DROP TABLE IF EXISTS public.rcf_taxi_data CASCADE;
CREATE TABLE public.rcf_taxi_data
(
ride_timestamp timestamp,
nbr_passengers int
);
COPY public.rcf_taxi_data
FROM 's3://sagemaker-sample-files/datasets/tabular/anomaly_benchmark_taxi/NAB_nyc_taxi.csv'
iam_role '<<RedshiftClusterRoleArn>>'
ignoreheader 1 csv delimiter ',';

Amazon Redshift now supports attaching the default IAM role. If you have enabled the default IAM role in your cluster, you can use the default IAM role as follows.

COPY public.rcf_taxi_data
FROM 's3://sagemaker-sample-files/datasets/tabular/anomaly_benchmark_taxi/NAB_nyc_taxi.csv'
iam_role default ignoreheader 1 csv delimiter ',';

Kim is using the model created in Amazon Sagemaker from the first step. She wants to use this model for the analysis in Redshift via remote inference. Go to Amazon SageMaker console, under Inference in the navigation pane, choose Endpoints to find the model created in previous Sagemaker step. Capture the ‘endpoint’ of the model.
Now Kim will use Amazon Sagemaker end point and Create a model in Amazon Redshift ML using the SageMaker endpoint she captured in the previous step. Go to Redshift query editor v2 , update the IAM roles attached to the Redshift cluster and execute SQL below.
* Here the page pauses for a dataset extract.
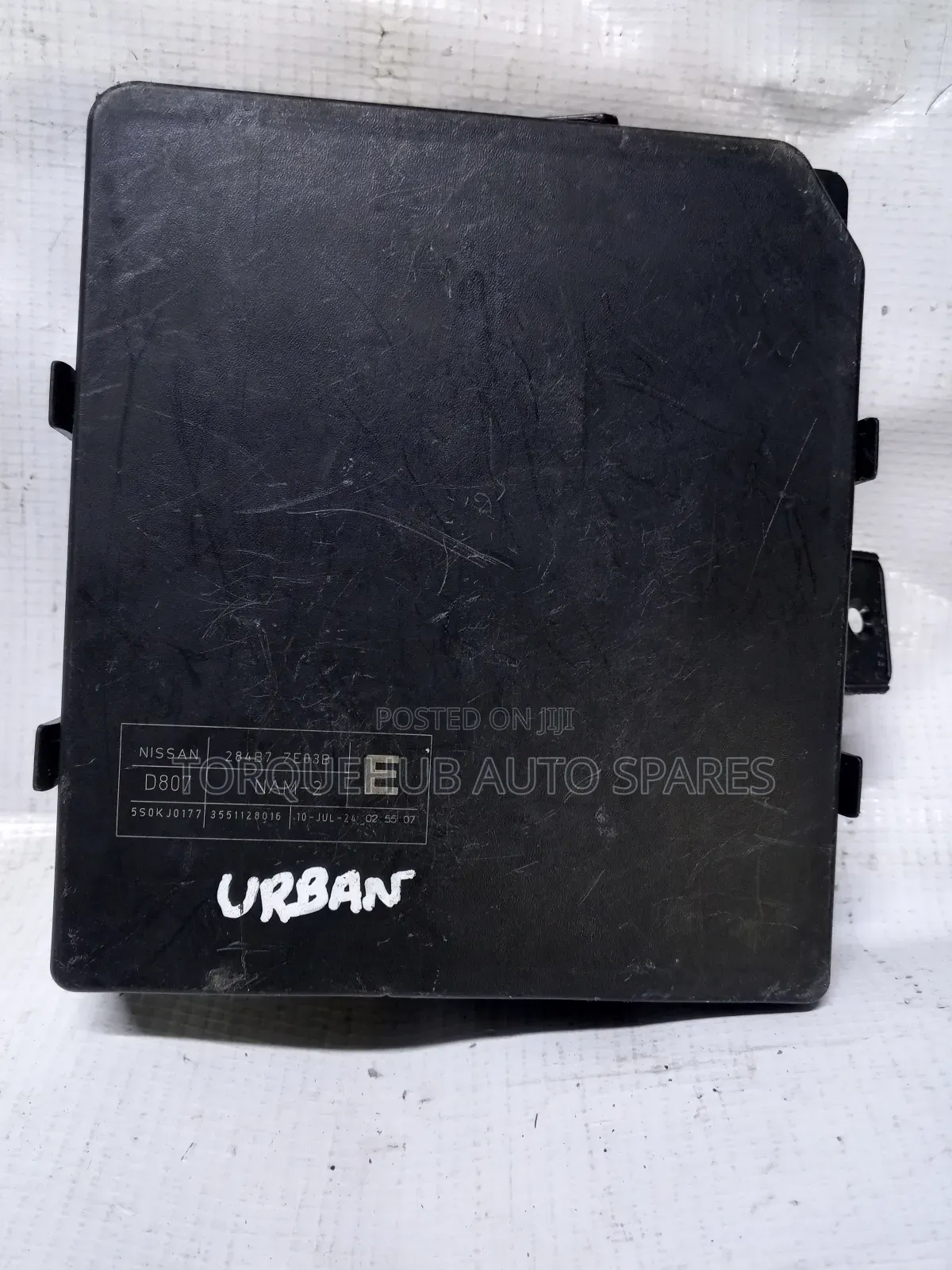 Nissan Pathfinder 2006-2015 Fuse Box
CREATE MODEL public.remote_random_cut_forest
FUNCTION remote_fn_rcf(int)
RETURNS decimal(10,6)
SAGEMAKER '<<EndpointOfTheModel>>'
IAM_ROLE  '<<RedshiftClusterRoleArn>>';

You can also use the default IAM role with your CREATE MODEL command as follows:

CREATE MODEL public.remote_random_cut_forest
FUNCTION remote_fn_rcf(int)
RETURNS decimal(10,6)
SAGEMAKER '<<EndpointOfTheModel>>'
IAM_ROLE  default;

Kim checks if the model creation is complete and ready for use. Go to Redshift query editor v2 and use the show model command to view the status of the model.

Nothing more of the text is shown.